Page MenuHomePhabricator

Adding tags hstore GIN indexes to the OSM database on osmdb.eqiad.wmnet for performance
Open, Needs TriagePublic

Description

Short version

I'd like somebody to add these indexes to osmdb.eqiad.wmnet

CREATE INDEX planet_osm_polygon_tags_index ON planet_osm_polygon USING gin (tags)
CREATE INDEX planet_osm_point_tags_index ON planet_osm_point USING gin (tags)
CREATE INDEX planet_osm_line_tags_index ON planet_osm_line USING gin (tags)

It would speed up database queries based on OSM tags.

Long version

I'd like to switch to using the Wikimedia OSM tile server database running on osmdb.eqiad.wmnet for my OSM/Wikidata matcher.

I don't have the resources to maintain my own OSM tile server database, so currently my code uses the Overpass API to download the requested area and load it with osm2pgsql into a temporary database, then use that database to look for matches.

This works but it is can take a few minutes to download data from the Overpass API. My code splits large areas into smaller chunks for download to avoid triggering a timeout. I don't import roads because it would make my database too big, so I'm missing some matches.

Using the Wikimedia tile server database means I can avoid the OSM data loading stage of the matching process. This makes the software simpler, there is less to go wrong, and it finds more matches.

The problem with using the Wikimedia tile server database is that the tags hstore field isn't indexed. My queries to look for matches are slow. Most queries take a second, some can take 10 seconds. To process an area with 5,000 matches would take over 80 minutes. This is slower than my existing implementation.

When I download from Overpass and import the OSM data into PostGIS I pass a parameter to osm2pgsql so it creates indexes on the tags hstore field. My database queries are much quicker when the tags field is indexed.

It would be great if osmdb.eqiad.wmnet could have the tags field indexed, so querying by tag is fast. The existing database can be modified to add the indexes like this:

CREATE INDEX planet_osm_polygon_tags_index ON planet_osm_polygon USING gin (tags)
CREATE INDEX planet_osm_point_tags_index ON planet_osm_point USING gin (tags)
CREATE INDEX planet_osm_line_tags_index ON planet_osm_line USING gin (tags)

This will hold a write lock on the database table, it might be a good idea to pause the process that loads the planet diffs from OSM. The tables are still available to read while the indexes are created.

A different approach would be to create a new database from a planet dump using osm2pgsql. If the parameter --hstore-add-index is passed to osm2pgsql it will create the appropriate indexes.

If the database is being recreated with osm2pgsql it might also be good to add the --hstore-all parameter. This change would make the database bigger because some data would be duplicated, but it makes the database simpler to query because all tag information is stored in the tags hstore field. For example with this change the name tag would be stored in the name column and the tags field.

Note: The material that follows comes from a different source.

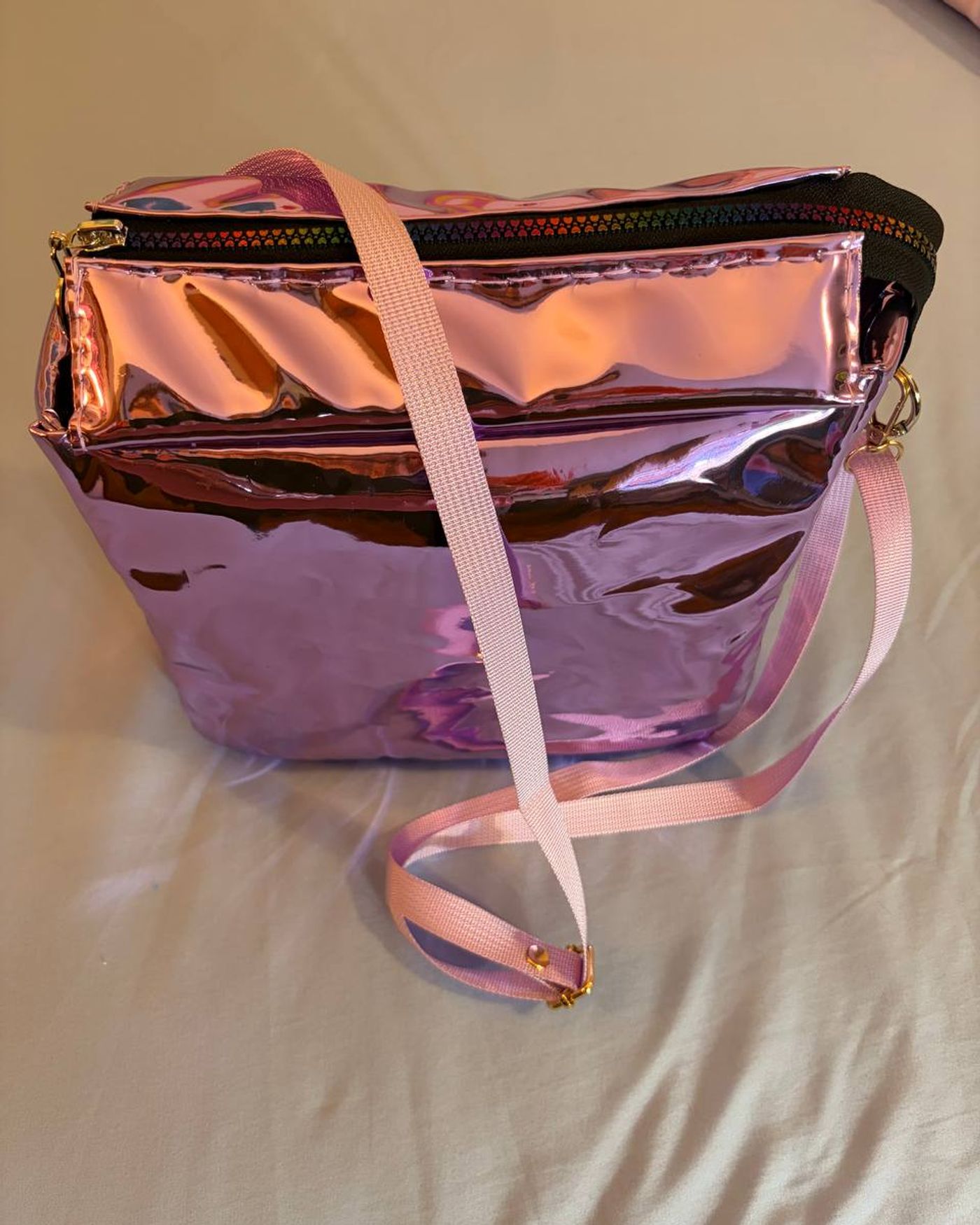 Aurora holographic pink crossbody bag - front view with rainbow heart zipper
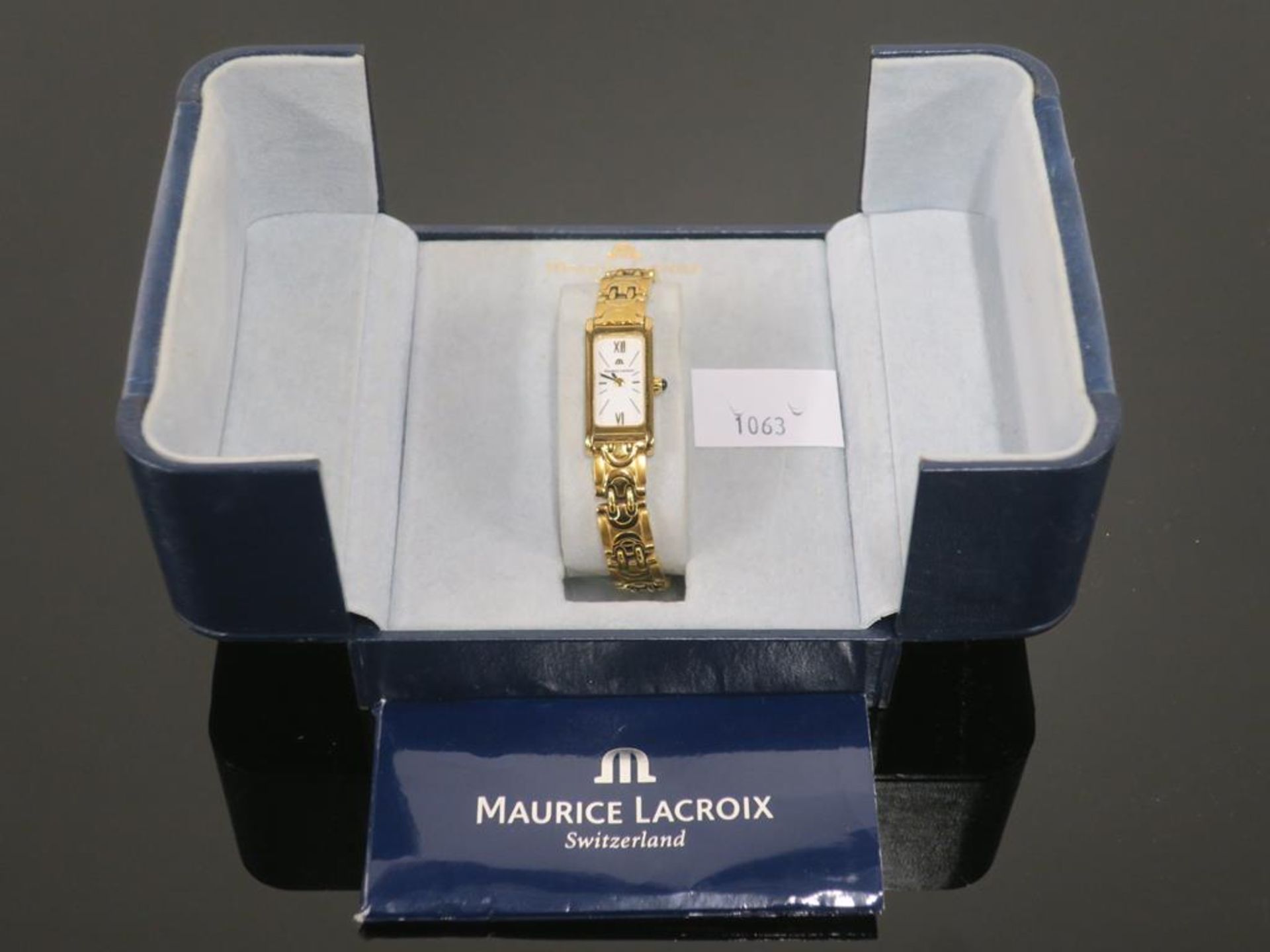 A boxed Maurice Lacroix Swiss made Gold Plated Ladies Watch (est £80-£100)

Thanks for taking the time to read my change request.

Event Timeline

OSM is PostreSQL which is not maintained by the DBA team.

This should be pretty easy in theory for the 'fresh' script but...... @MSantos eeh.. any idea how to puppetize a database scheme change like this ?

In Kartotherian we add indexes like that during initial import.

You can also add SQL to the files used by OSM databases and create a script to execute the index creations as we do to ensure grants.

Someone with the production credentials still need to run the script as root/postgres or any DB user with the DB level permission to create indexes, and the script should be added to the same script that created the database in the first place. I'm not aware if it's using the same settings available for the kartotherian stack.